Random Musings 10-22-2009

     

  Bloom County fans take note. IDW is releasing the entire run of that great 1980s newspaper strip in five volumes through its “Library of American Comics” imprint. Volume 1 of Bloom County the Complete Library was published earlier this month, and collects strips from 1980 to 1982.

        Again, these five volumes will include every Bloom County strip, including many never before reproduced in earlier collections.

     Written and drawn by Berkeley Breathed, Bloom County ran from Dec. 8, 1980 to Aug. 6, 1989 and earned Breathed a Pulitzer in editorial cartooning in 1987.

     It was a great strip, with Breathed, through his characters, addressing (and sometimes skewering) politics, religion, the media, and popular culture. Bloom County was also one of those strips that become cultural touchstones, both reflecting and being a part of the times in which they appeared.
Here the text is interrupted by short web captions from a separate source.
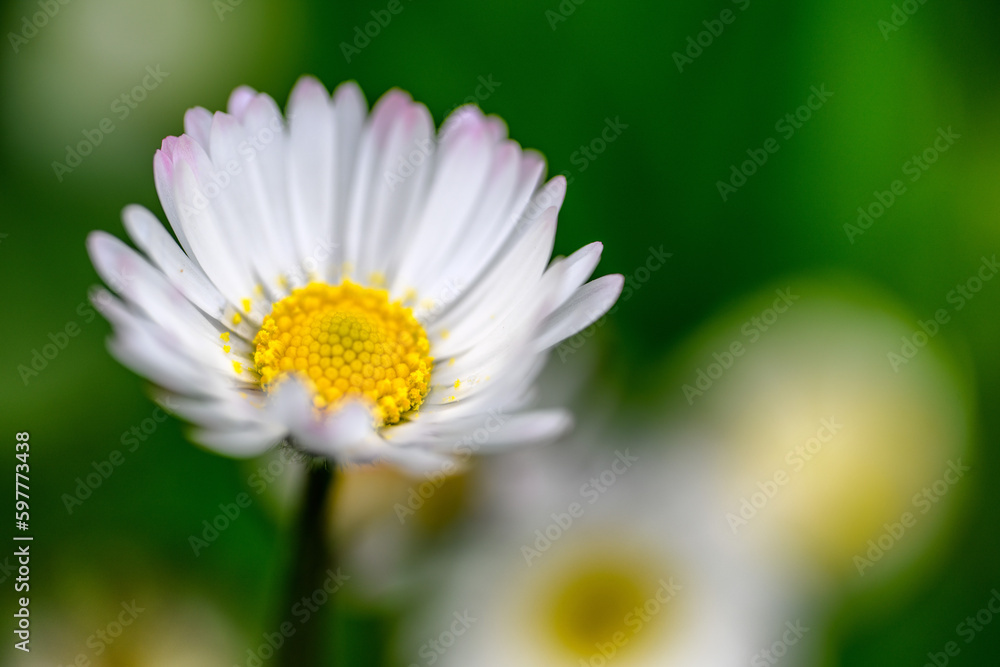 Obraz premium Fiori di Primavera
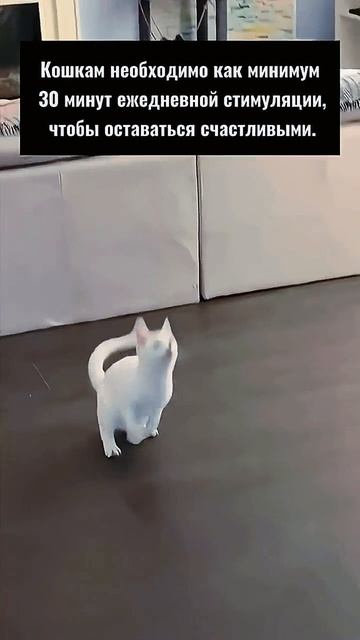 Артикул Я.Маркет - YM10195805 (не забудь при поиске YM) смотреть онлайн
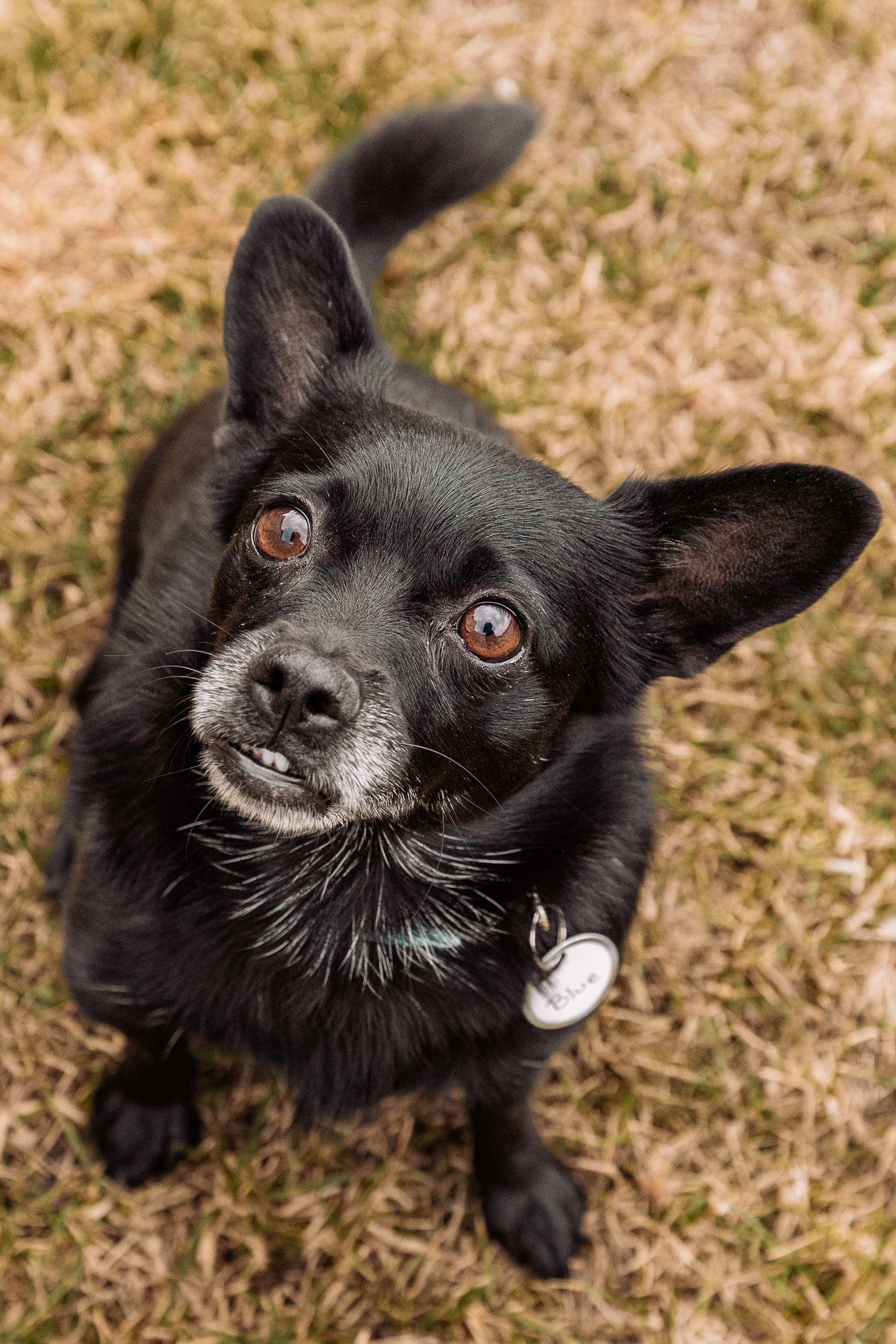 Blue (and Bebe) - Chihuahua / Pomeranian available for adoption in Calgary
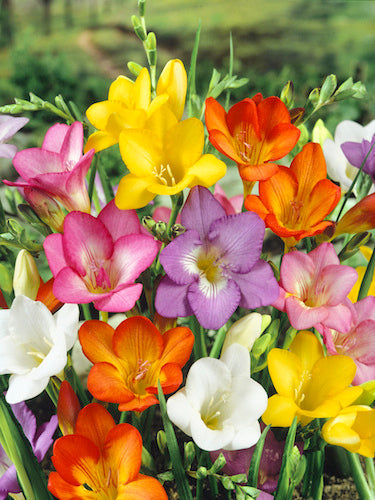 High quality Mixed Freesias Flower seeds for Planting Garden Favorite, Heirloom & GMO Free Seeds for Home Garden seeds pack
     A reading of vol. 1 of Bloom County the Complete Library reveals it took Breathed a while to introduce the familiar cast of characters, a mixture of precocious children, adults and talking animals who live in a small community. As he himself admitted in a side note to the Dec. 12, 1980 strip, he had no idea at that point what  Bloom County would be about, having not read any comic strip but Doonsebury. In fact, his early work shows influences from that strip, has Breathed himself has admitted.

     The earliest of the familiar cast, 10-year-old reporter Milo Bloom, was introduced Dec. 11, 1980. Mike Binkley, Milo’s neurotic best friend, was introduced on May 12, 1981. In a note adjacent to that day’s strip, Breathed observed that Bloom County was starting to come into focus.

     Steve Dallas, the frat-boy lawyer and carry over from Breathed’s college strip, Academia Waltz, first appeared on May 20, 1981.

     But the true heart and soul of Bloom County was Opus the penguin, accurately described in the first Bloom County collection, Loose Tails, as “gentle, but opinionated.” And it took Opus (who would work in various capacities at the local paper; and as Steve Dallas’ legal secretary; play tuba in a heavy metal band; serve as two time vice presidential candidate for the “Meadow Party” (with the occasionally dead Bill the Cat as his running mate); and would go on to feature in Breathed’s later Sunday-only strip, Outland, and star in the Sunday-only Opus) a while to show up. An unnamed penguin, whom Binkley mistook for a German Shepherd, appeared June 26, 1981. The penguin appeared in three more strips between then and July 3, only to disappear until Jan. 18, 1982, still unnamed.

     According to Breathed, the strip found its voice, tone and POV on Jan. 28, 1982 when Opus ordered a herring burger with heavy mayo at a fast food restaurant.

     But it was a week later that Opus was first identified by name, during a sequence that parodied the 1925 Scopes trial in Tennessee. Milo had been doing a school report on the evolution of the penguin and it turned out a new state law had been passed about teaching penguin evolution without alternate theories.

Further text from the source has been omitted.